# GIANT SNAKE CAUGHT



## byjungle (Dec 30, 2003)

Hi Guys, saw this on another forum, very interesting

http://news.bbc.co.uk/1/hi/world/asia-pacific/3354403.stm 

http://www.spiegel.de/panorama/0,1518,280028,00.html


----------



## lutzd (Dec 30, 2003)

**

I want one! There's a few yappy dogs around my area, that love to bark in the early hours of the morning, that could do with a little adventure!


----------



## Tommo (Dec 30, 2003)

i wonder how much they bought the python for...  
in the encyclopaedia of snakes by chris mattison they said that a snake that size wouldnt be able to survive under their own weight. i suppose this proves him wrong


----------



## NCHERPS (Dec 30, 2003)

I know it's hard to see from a photo, but that doesn't look that big!
If it is, there is a American museum that has offered a us$100,000 reward for a snake of at least 30 ft, so that one would easily claim the prize! This reward has been offered since the 1930's 0r 40's I think.

Neil


----------



## adullthud (Dec 30, 2003)

Forget the dogs Mr lutzd. It could eat their inconsiderate owners.


----------



## lutzd (Dec 30, 2003)

Heh! LOL! Too true! It might even get around to those noisy children that play near my window! :twisted:


----------



## kevyn (Dec 30, 2003)

I saw this one on the Bob Clark forum earlier today. As I said there I have my doubts on this one. It would be nice if it were true but I highly doubt it. The photo may be a standard Associated Press photo. A little while ago they did a photo on African Rocks eating children and ran a photo of a ball python. It will be interesting how it turns out. I hope it's true.


----------



## lutzd (Dec 30, 2003)

That conjures up great imagery! A Rock eating a child! Sorta like Pacman!


----------



## africancichlidau (Dec 30, 2003)

Pacman!! Now that brings back some memories


----------



## lutzd (Dec 30, 2003)

Heh! I KNEW _*you'd*_ get that reference, Phil!


----------



## luke (Dec 30, 2003)

WOW ..................thats all i can say.................... :shock:


----------



## Guest (Dec 30, 2003)

hmmmmmmmm wow I dont believe it...but it will be nice to be provenwrong i must say


----------



## rlowey (Dec 30, 2003)

can anyone tell what sort of snake it is? And l bet there is no monkeys left in the area that it was captured?


----------



## Slateman (Dec 30, 2003)

It is in my nature to believe till othervise. I am bit easy to fool.
But it is nice to imagin that this large snake exist .


----------



## NCHERPS (Dec 30, 2003)

Rlowey,
It's a reticulated python- a big one! LOL!


----------



## kevyn (Dec 30, 2003)

Offically this is the biggest snake in captivity right now. Her name is Fluffy and she was bred by Bob Clark (the guy with the goatie). She is a Sulawesi Reticulated Python that at last messurement was 26ft. Bob specializes in breeding large pythons. He is responsible for almost all the burmese and retic morphs. Enjoy-I love this picture. I can't wait to get a retic or 8...

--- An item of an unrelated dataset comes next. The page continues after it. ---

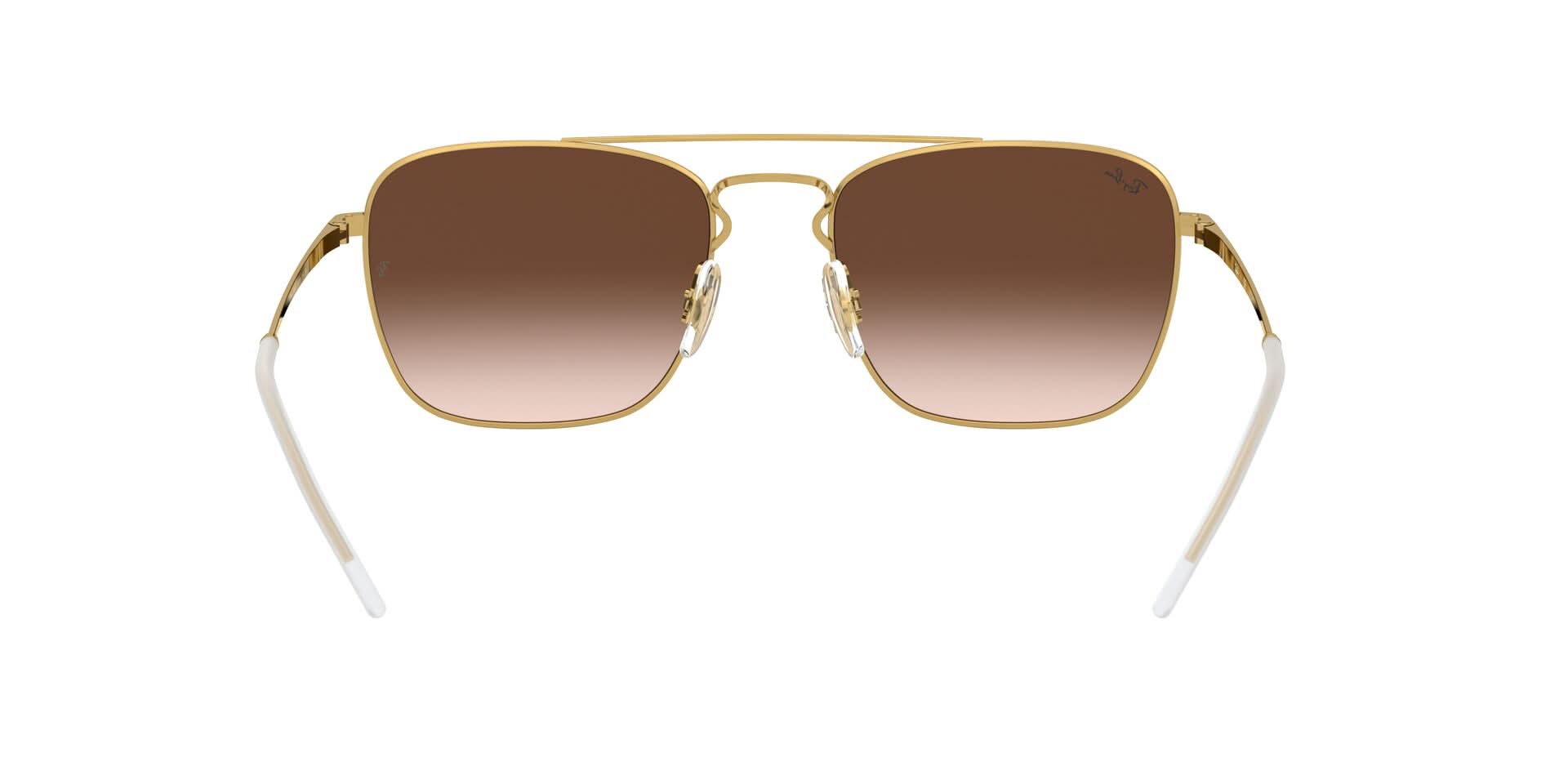 RAYBAN RB3588 905513 55 SUNGLASSES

Here's another one with Bob and Fluffy. She was a bit smaller here I think..


----------



## insectovor (Dec 30, 2003)

I think snakes that make it to such a big size in the wild should be left there and not taken into captivity.


----------



## kevyn (Dec 30, 2003)

She's not wild caught-cbb. The problem with releasing the supposed 49fter, is that in that part of the world, retics are activly hunted for skins and meat. Even if the snake doesn't turn out to be 49ft. (which won't leave anyone surprised), every poacher will be after it, because it is undoubtedly a large snake. I thought it should be just documented (photographed, blood samples, all the vitals) and released. But that would effectivly sign its death warrent.


----------



## Fuscus (Dec 30, 2003)

The murdoch papers are also running the story
http://news.com.au/common/story_page/0,4057,8283072%5E13762,00.html
They are saying its a retic.
Also related to reptiles (well, not really - its about rats) is this story
http://smh.com.au/articles/2003/12/22/1071941675753.html
Can't say I'm rapt in the skinning method :?


----------



## kevyn (Dec 30, 2003)

I saw something about that one t.v. awhile back. Totally put me off meat.


----------



## NCHERPS (Dec 30, 2003)

Bob clarks Retic is a nice looking snake for it's size, they tend to loose the patterning and contrast as they get older, but Fluffy has retained this, and is also in good proportion, something else that is rare with large captively kept Boids.
Nice to see !

Neil


----------



## kevyn (Dec 30, 2003)

Bob's a really good breeder. He's the largest breeder in North America and one of the most repected names in the field. That's who I'm buying my granit burm off of. I was just speaking with a friend of mine in Malaysia and he is convinced of the validity of the story of the giant retic. I have also read in the London Times that Guinesse is in the process of varifing the messurments of the snake in question. Imagine cleaning up Fluffy's dumps :shock: . Now imagine cleaning up the dumps a 49ft. retic :cry: .


----------



## NCHERPS (Dec 31, 2003)

Time will tell I Guess, but that snake in the picture is not 49 ft long and near half a ton, so maybe the press have dug up another snake photo as they haven't yet seen the real thing, who knows.
Yes, Bob clark is one of the good guys, I was the first person he ever exported to in the UK, before he became big big, just at the time that the first Vivarium magazine came out with his article in about Albino Burms.
I still have that magazine, Vol 1 No 1 !

Bet your looking forward to getting your hands on your granite!

Cheers,
Neil


----------